Amos reminds Israel that God is deeply interested in what Israel is doing and if the Israelites will not act as advocates for the poor, then the God of Israel will act and his intervention will have a devastating effect- it will be worse for the Israelites than it was for the inhabitants of Sodom and Gomorrah.
This kind of prophecy likely makes us stir uncomfortably. We have become accustomed to reading the Bible with dulled sensibilities in which the scripture is distorted into an affirming self-help manual. This distortion is comforting, but it is not true. The Bible tells the truth and the prophets tell us the truths that we often times do not want to hear.
The heart of the matter for Amos is that God has ordered his creation towards justice and love, and when justice and love are deferred or denied, the risk is great. We can evade the consequences of our actions for only so long.
God hears the cry of his poor and knows their suffering. If we do not listen to their cries and attend to their needs, then the day may come when God may break our hardened hearts so that they might be opened up to receive the ones that in our selfishness we have refused to love.
In Christ’s Gospel we hear about the power of Christ manifested as he calms a storm at sea. This power is God’s power, the same power that brought the ancient, primordial waters to peace at the beginning of the world. Christ is God, and he speaks and acts as God.

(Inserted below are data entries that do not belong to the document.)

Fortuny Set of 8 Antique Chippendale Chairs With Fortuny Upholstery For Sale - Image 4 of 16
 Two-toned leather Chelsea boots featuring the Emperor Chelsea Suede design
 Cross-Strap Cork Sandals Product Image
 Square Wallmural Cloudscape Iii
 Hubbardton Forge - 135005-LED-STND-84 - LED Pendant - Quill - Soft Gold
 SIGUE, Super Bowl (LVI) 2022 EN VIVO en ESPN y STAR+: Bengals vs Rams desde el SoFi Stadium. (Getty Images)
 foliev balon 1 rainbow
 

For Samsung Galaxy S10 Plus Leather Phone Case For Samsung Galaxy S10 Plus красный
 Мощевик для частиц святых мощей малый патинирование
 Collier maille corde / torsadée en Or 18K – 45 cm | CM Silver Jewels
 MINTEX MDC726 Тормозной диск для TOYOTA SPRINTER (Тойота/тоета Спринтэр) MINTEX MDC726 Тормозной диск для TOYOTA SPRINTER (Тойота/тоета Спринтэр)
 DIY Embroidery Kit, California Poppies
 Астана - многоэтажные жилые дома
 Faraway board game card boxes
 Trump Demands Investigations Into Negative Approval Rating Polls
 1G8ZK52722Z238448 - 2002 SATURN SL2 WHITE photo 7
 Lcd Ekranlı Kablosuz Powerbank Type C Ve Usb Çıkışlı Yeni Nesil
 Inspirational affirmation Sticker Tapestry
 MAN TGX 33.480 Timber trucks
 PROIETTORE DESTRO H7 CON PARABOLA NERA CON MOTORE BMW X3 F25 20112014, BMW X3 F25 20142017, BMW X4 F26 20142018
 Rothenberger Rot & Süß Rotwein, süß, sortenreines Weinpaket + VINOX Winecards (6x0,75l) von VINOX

But this scripture is also about the Church, symbolized in the story by the disciples in the boat. The Church is like a boat, in which the disciples of the Lord make their way through the storm tossed winds and waves of culture and history.
The Church is not a cruise liner full of luxury amenities that only traverses calm seas to vacation destinations, and is kept safely in port when there is the slightest hint of storms.
Instead the Church is immersed in the storms of reality, in the waves of the world, as it is. It goes out into raging storms and treacherous waters with a mission to save the endangered and rescue the lost. The purpose of the Church is search and rescue, not rest and recreation.
And so we must venture forth, bravely, boldly, knowing that Church is always guided by the Lord Jesus, who is God. We place our trust in Christ, who is the one who the winds and seas obey.